= Material for this exercise =

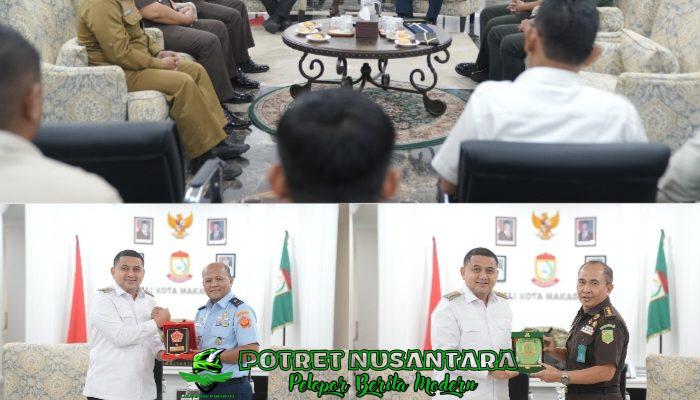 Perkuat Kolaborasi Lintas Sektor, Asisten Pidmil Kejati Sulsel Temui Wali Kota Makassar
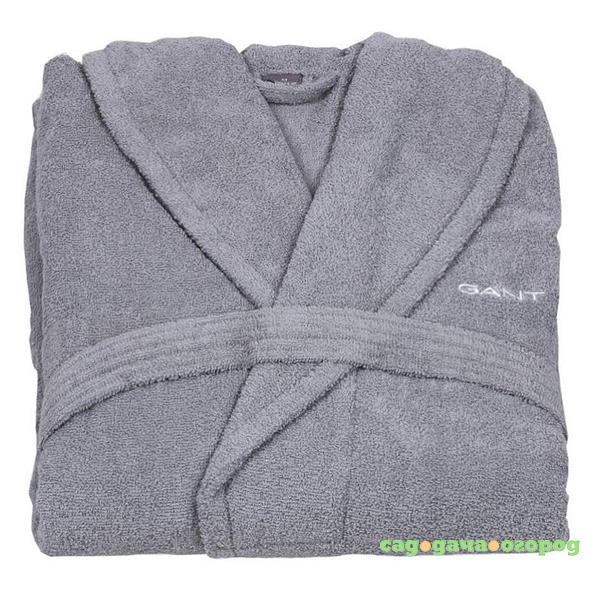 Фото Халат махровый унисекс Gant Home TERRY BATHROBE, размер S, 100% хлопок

---

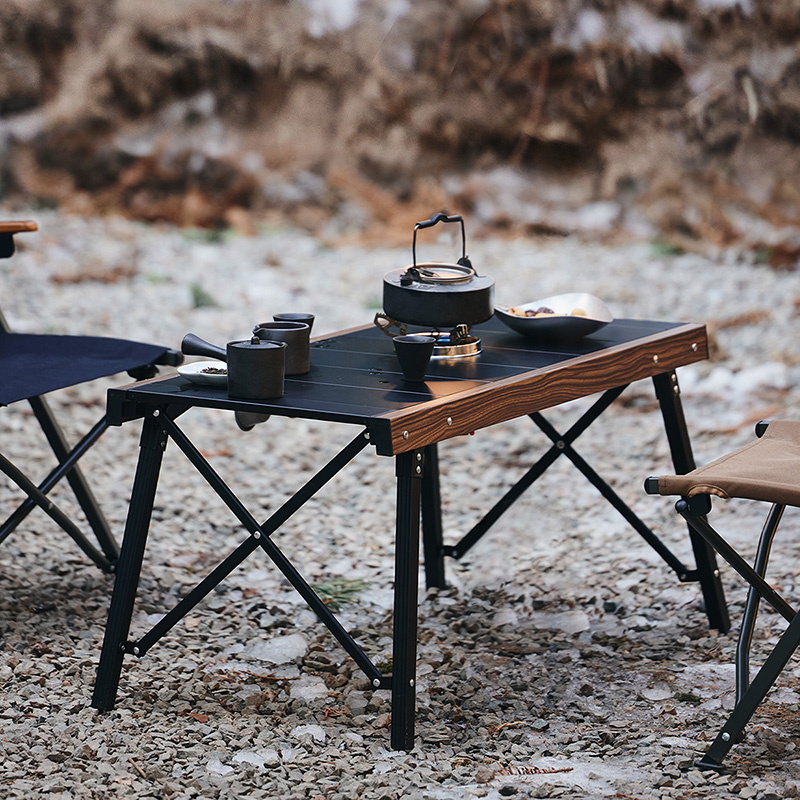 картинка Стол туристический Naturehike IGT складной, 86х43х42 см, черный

= Your goal =
Print the part of the listing above that opens with the line containing "Perkuat Kolaborasi Lintas" and closes with the line containing "Фото Халат махровый". Copy it exactly, both ends included, and omit the pictures.

= Solution for this exercise =
 Perkuat Kolaborasi Lintas Sektor, Asisten Pidmil Kejati Sulsel Temui Wali Kota Makassar
 Фото Халат махровый унисекс Gant Home TERRY BATHROBE, размер S, 100% хлопок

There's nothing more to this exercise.